On the other hand, if the intention is to spur the United States to action, the demonstration of nervous Jews arguing about a pre-emptive strike against the possibility of a nuclear Holocaust, and accusing one another of panicking in the context of an American presidential election, may be just what the doctor ordered.
It is far from the capacity of simple citizen observers to know what is serious dispute and what is performance at the pinnacle of Israeli politics. It may all be meant to get the Americans into action by suggesting that Israel might pull them in at an inconvenient time if they don't move with greater resolution.
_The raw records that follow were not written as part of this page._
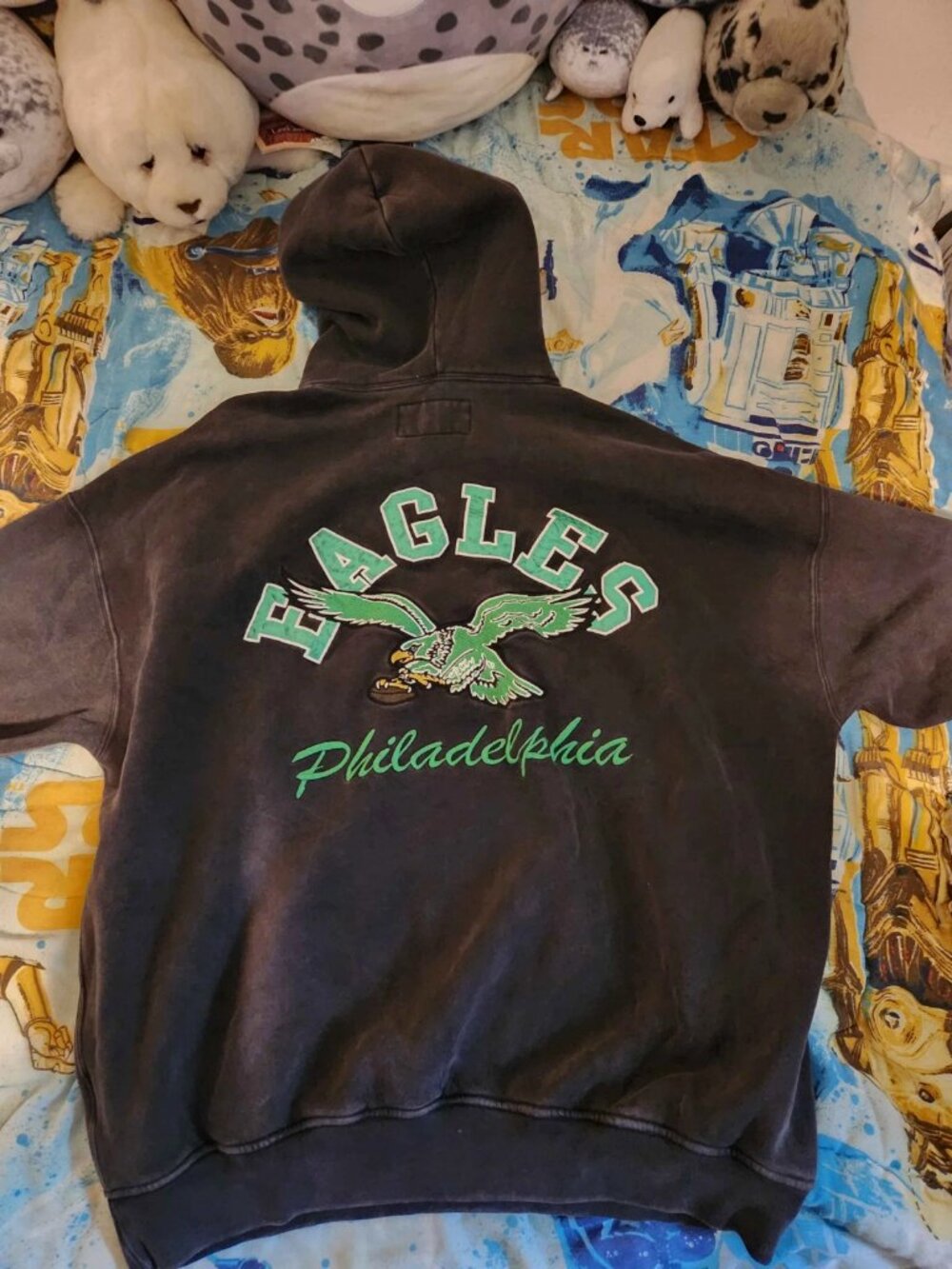NFL Abercrombie & Fitch Men’s Essential Popover Hoodie Eagles Sewn Large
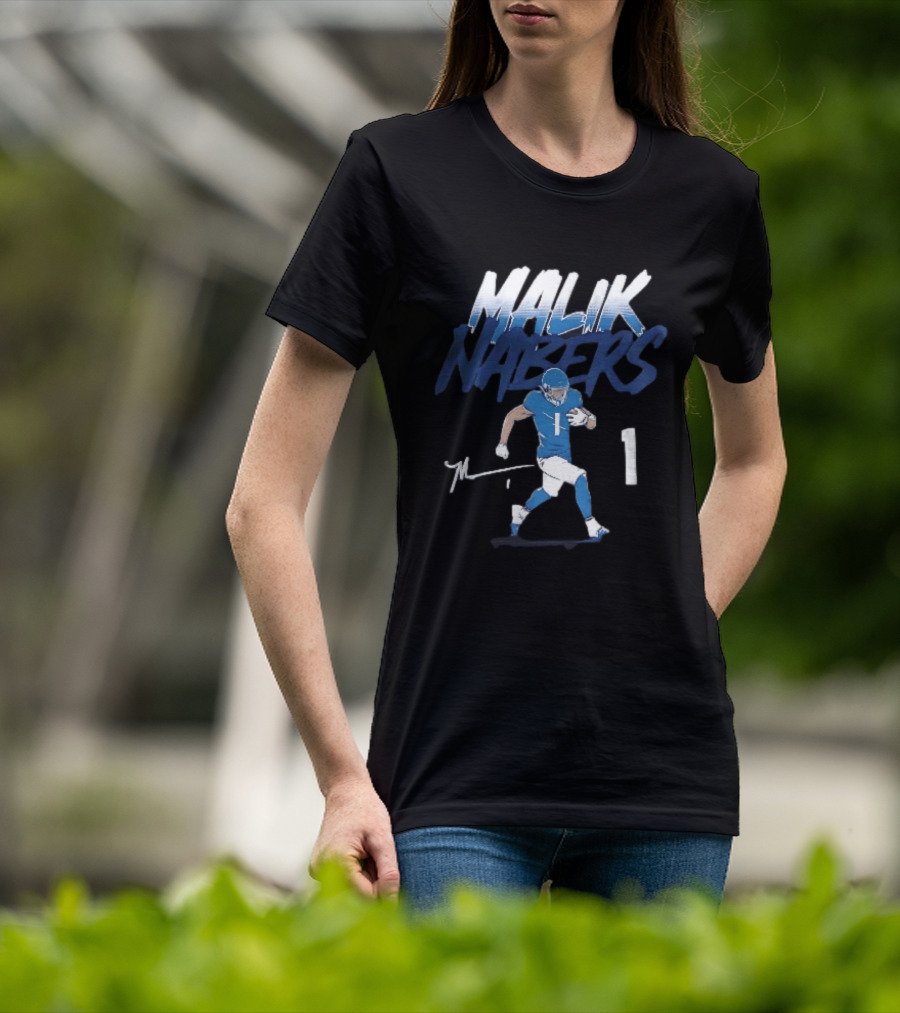 Malik Nabers Blue Jersey Number 1 Football Player T-Shirt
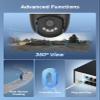 360View Hiseeu 12MP NVR 12 Pcs 5MP PoE PTZ Cameras, 350Pan 90 TiltAuto Human Tracking, Human Vehicle Detect, 2 Way Audio, 7/24 Record&Playback4TB HDD for Home Surveillance Outdoor Indoor view 3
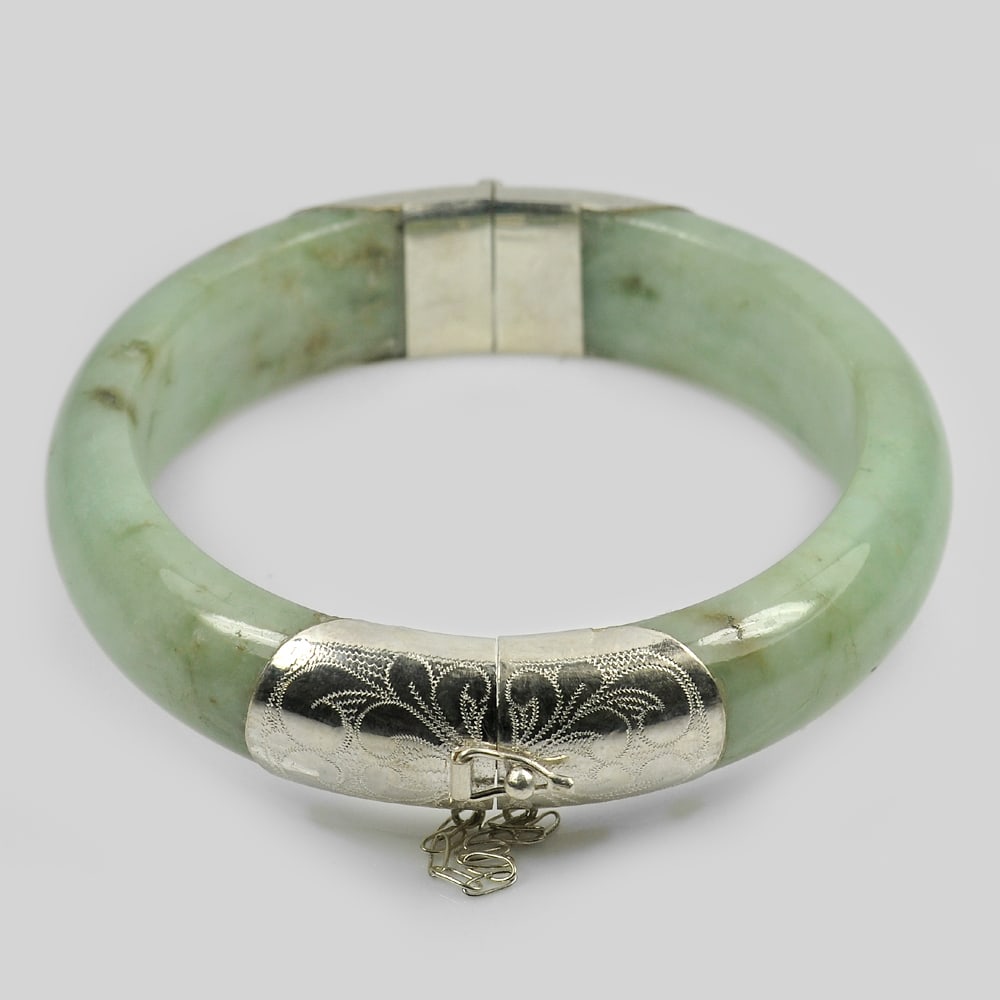 Natural Green Jade Bangle 447.83 Ct. with Silver Size 65 Mm. Gemstone (1 of 3)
I brought along my American passport during our recent trip to Scandinavia, against the prospect of an attack, the resulting stoppage of all passenger air traffic into a war zone, and the need to call in some of those refuge offers that we heard during previous crises. Now that we have made it back home, Varda is inquiring about the acquisition of gas masks.
During the crisis with Iraq in the early 1990s there was a national campaign to equip us all with masks and the antidote atropine, along with instructions on how to seal rooms with plastic sheeting, masking tape, and wet towels under the door. The gas didn't come, perhaps because Israel was said to have warned Iraq that its response would be nuclear. Some years later the government recalled all the mask kits, and has been confused and confusing about replacing them. The mass distribution is expensive, and an official report suggests that they may not be all that effective. A threat of nuclear retaliation might do the same job more efficiently.